__YOUR ASSIGNMENT__
Below are some records. Write out the lines from the one containing "Chuck Taylor All" to the last line, word for word, leaving out pictures.

(Image-text web data)
•••••
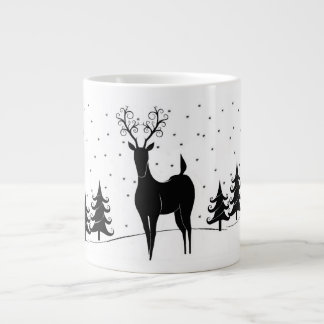 Whimsical Reindeer Giant Coffee Mug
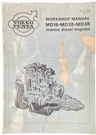 1972 Volvo Penta Workshop Manual MD1B-MD2B-MD3B Marine Diesel Engines 2668. Fixed Price $38.95.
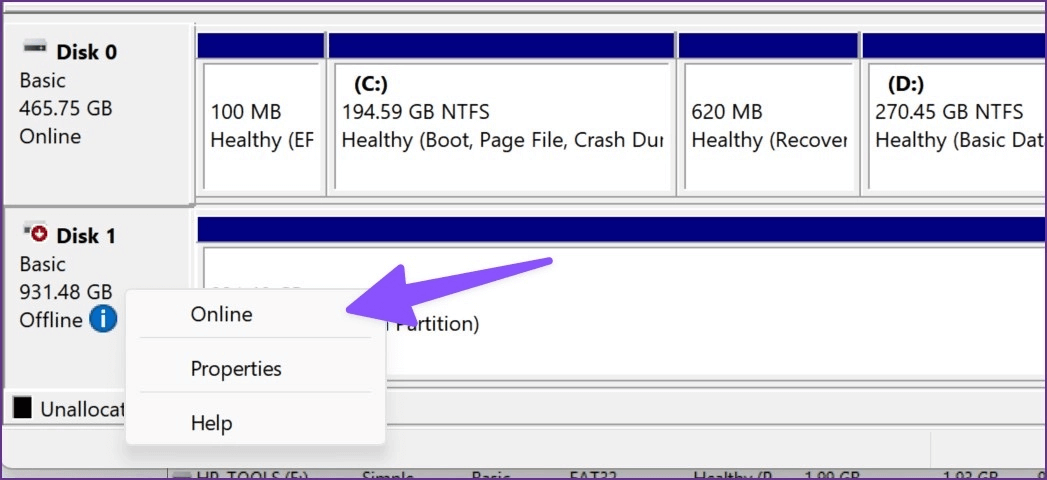Fix-external-hard-drive-not-showing-up-in-Windows-11-2 أفضل 9 طرق لإصلاح عدم ظهور محرك الأقراص الصلبة الخارجي في Windows 11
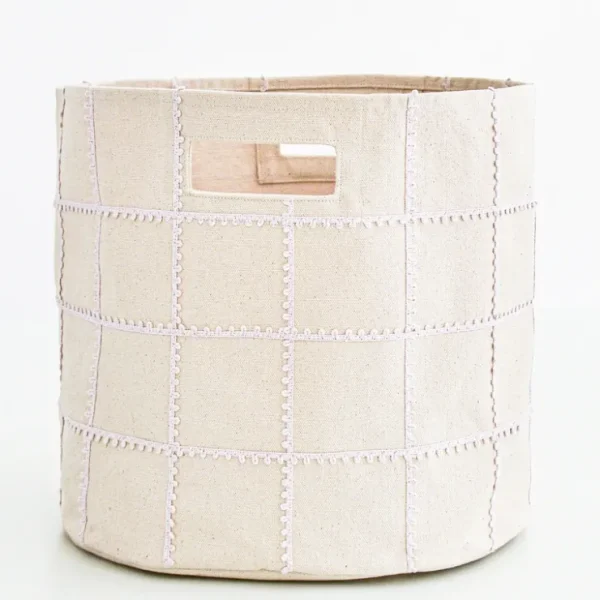 Storage Basket Mesh Lace - Blush Oat - CaringForTots - Professional Baby and Children's Products | Caring for Growth, Caring for Every Moment* Storage Basket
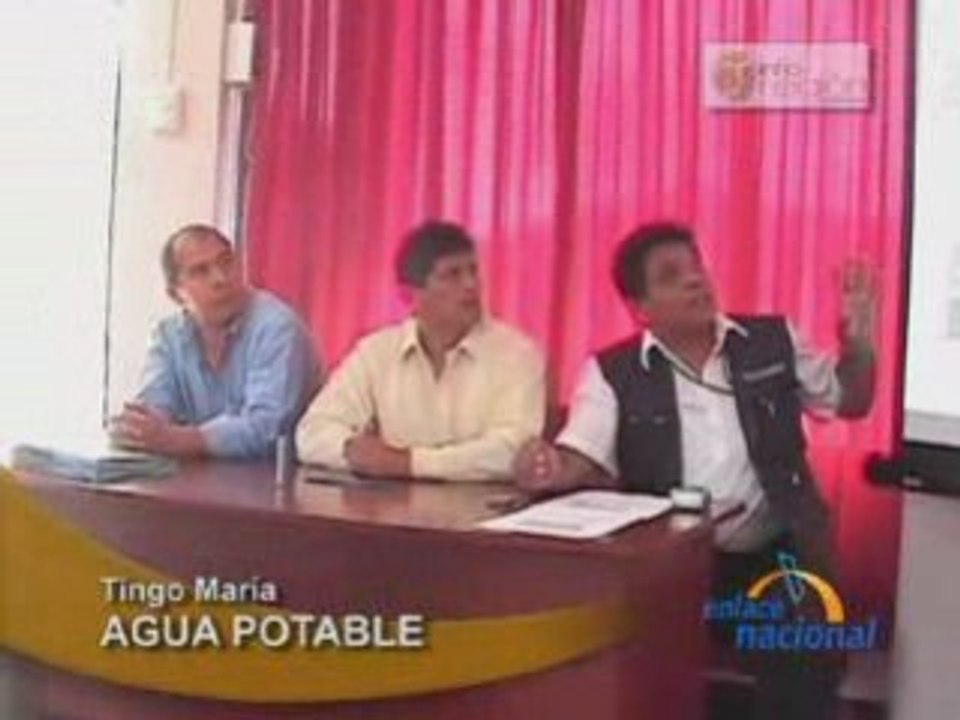 AGUA POTABLE - TINGO MARÍA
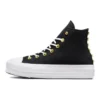 Chuck Taylor All Star Lift Platform Star Studded „Black White Gold“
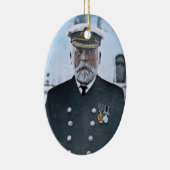 RMS Titanic Kapitein Edward J. Smith Keramisch Ornament (Rechts)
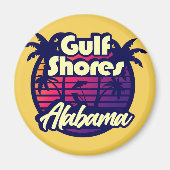 Gulf Shores Alabama Magneet (Voorkant)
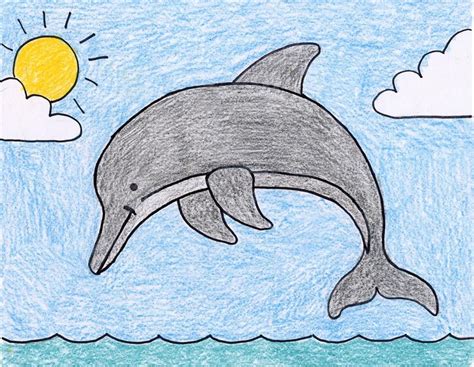 Dolphin Drawing Easy At Getdrawings Free Download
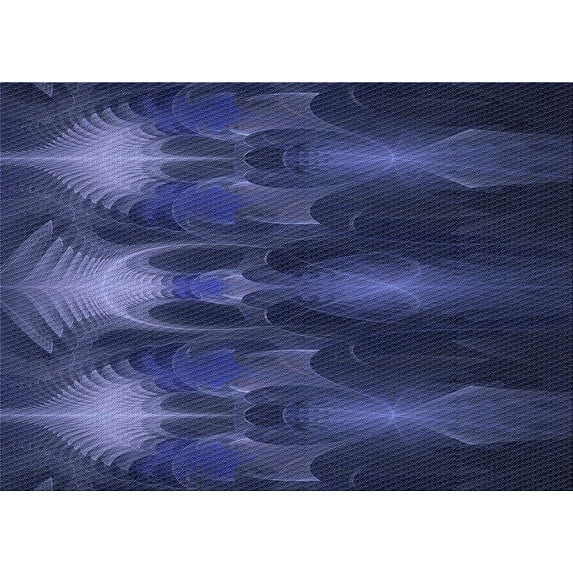 Ahgly Company Machine Washable Indoor Rectangle Transitional Royal Blue Area Rugs, 7' x 9'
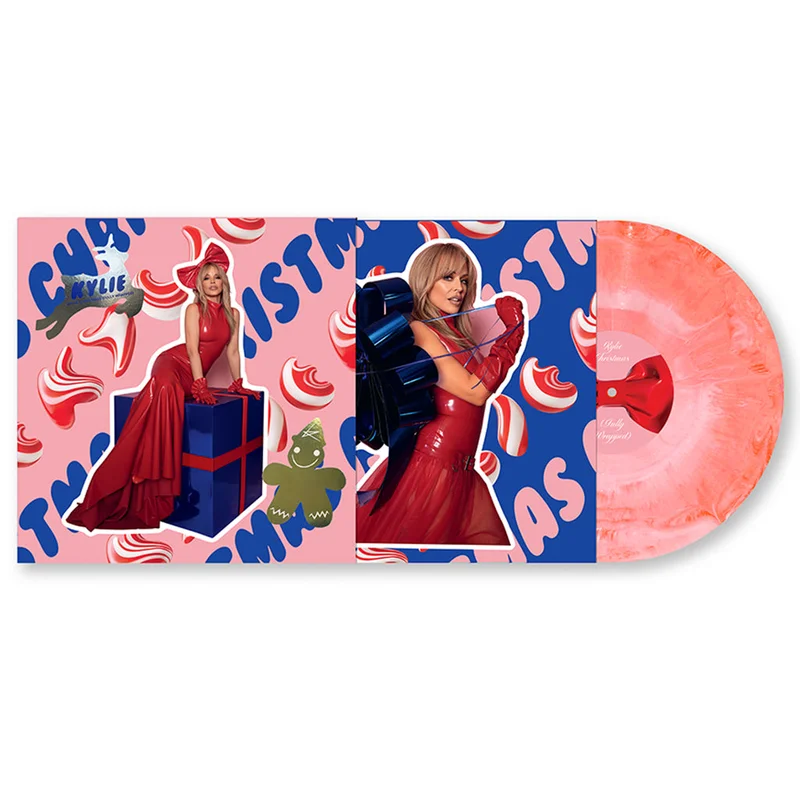 KYLIE MINOGUE - Kylie Christmas (Fully Wrapped) - LP - Pink Marble Colour Vinyl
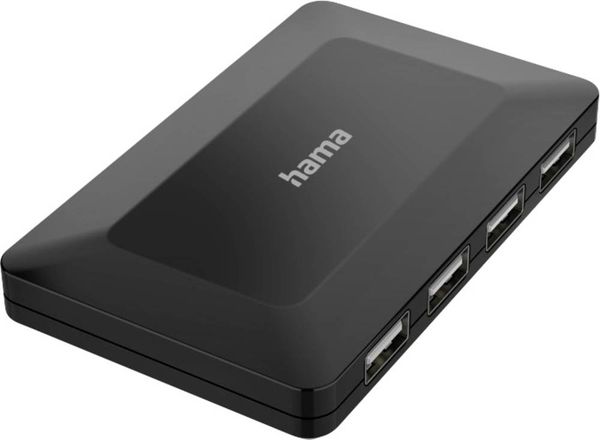 Hama 4 Port USB 2.0-Hub Schwarz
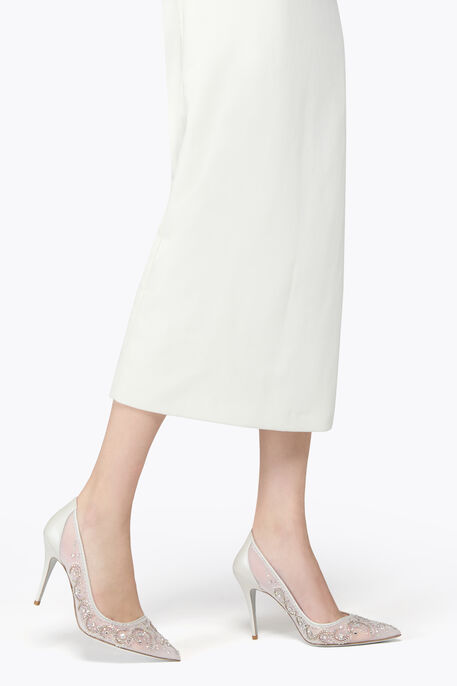 JAHANARA WHITE PUMP 100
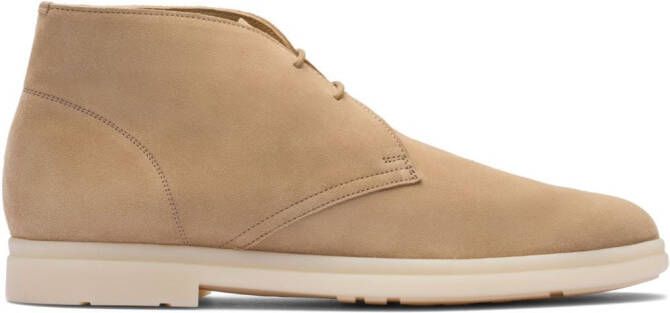 Church's lace-up suede boots Neutrals
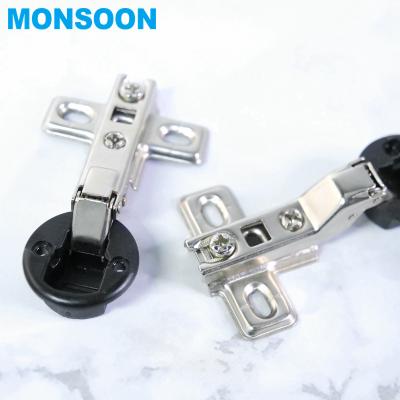 China MONSOON 35mm Furniture Glass Door Hinges Contemporary Soft Closing Hinge Cabinet Hinges for sale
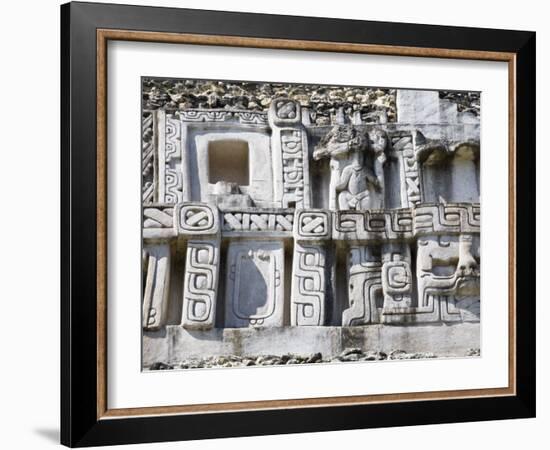 Frieze, 130Ft High El Castillo, Xunantunich Ruins, San Ignacio, Belize-Jane Sweeney-Framed Photographic Print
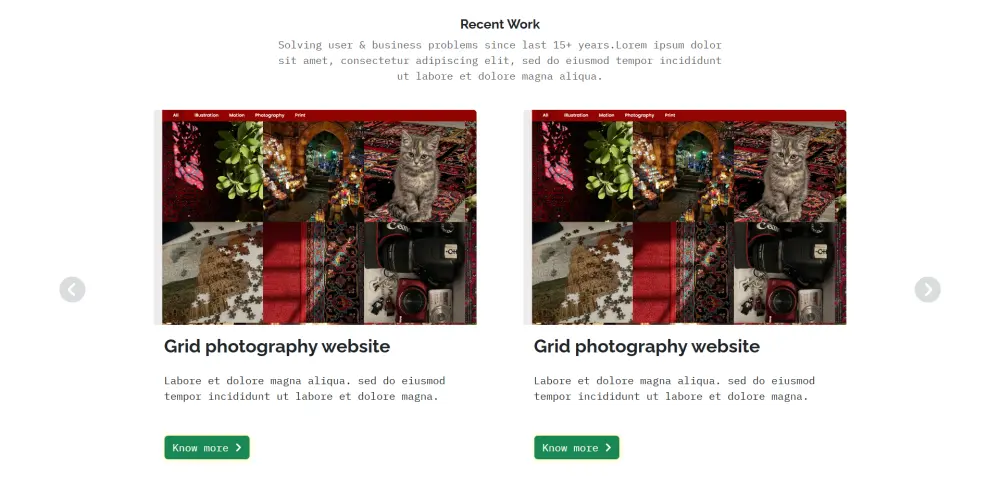 برمجة صفحة موقع الكتروني متوافقة مع جميع الشاشات
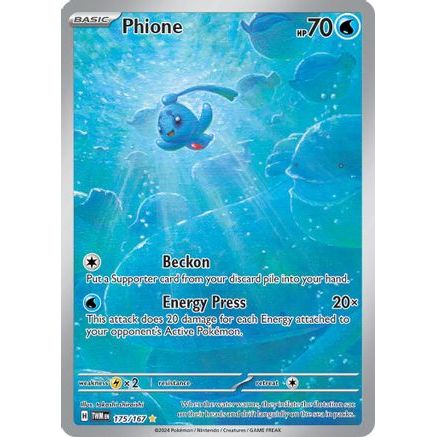 Phione - 175/167 175 - SV06 Twilight Masquerade Holofoil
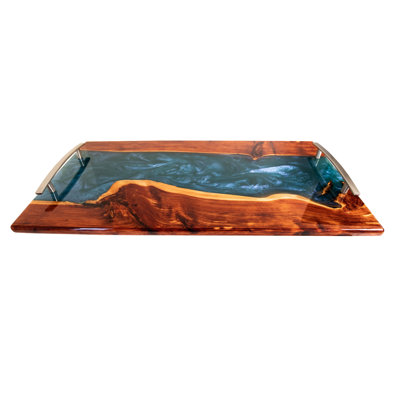 Ozark Mountain Red Cedar Epoxy Decorative Serving Tray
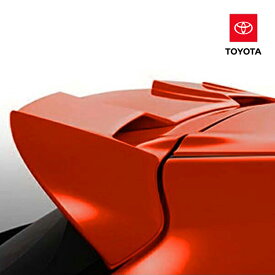 USトヨタ純正 カローラスポーツ COROLLA SPORT 210系 NRE/ZWE/MZEA系 リアスポイラー ルーフスポイラー リアウイング スカーレットメタリック(スモークドパプリカメタリック/3U4) 純正色塗装済
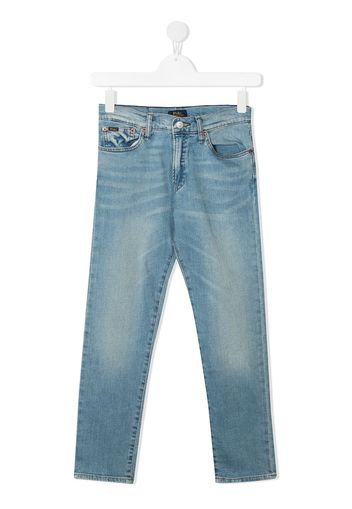 Ralph Lauren Kids Sullivan slim-fit stretch jeans - Blu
•••••
__WRITTEN SOLUTION__
 Chuck Taylor All Star Lift Platform Star Studded „Black White Gold“
 RMS Titanic Kapitein Edward J. Smith Keramisch Ornament (Rechts)
 Gulf Shores Alabama Magneet (Voorkant)
 Dolphin Drawing Easy At Getdrawings Free Download
 Ahgly Company Machine Washable Indoor Rectangle Transitional Royal Blue Area Rugs, 7' x 9'
 KYLIE MINOGUE - Kylie Christmas (Fully Wrapped) - LP - Pink Marble Colour Vinyl
 Hama 4 Port USB 2.0-Hub Schwarz
 JAHANARA WHITE PUMP 100
 Church's lace-up suede boots Neutrals
 China MONSOON 35mm Furniture Glass Door Hinges Contemporary Soft Closing Hinge Cabinet Hinges for sale
 Frieze, 130Ft High El Castillo, Xunantunich Ruins, San Ignacio, Belize-Jane Sweeney-Framed Photographic Print
 برمجة صفحة موقع الكتروني متوافقة مع جميع الشاشات
 Phione - 175/167 175 - SV06 Twilight Masquerade Holofoil
 Ozark Mountain Red Cedar Epoxy Decorative Serving Tray
 USトヨタ純正 カローラスポーツ COROLLA SPORT 210系 NRE/ZWE/MZEA系 リアスポイラー ルーフスポイラー リアウイング スカーレットメタリック(スモークドパプリカメタリック/3U4) 純正色塗装済
 Ralph Lauren Kids Sullivan slim-fit stretch jeans - Blu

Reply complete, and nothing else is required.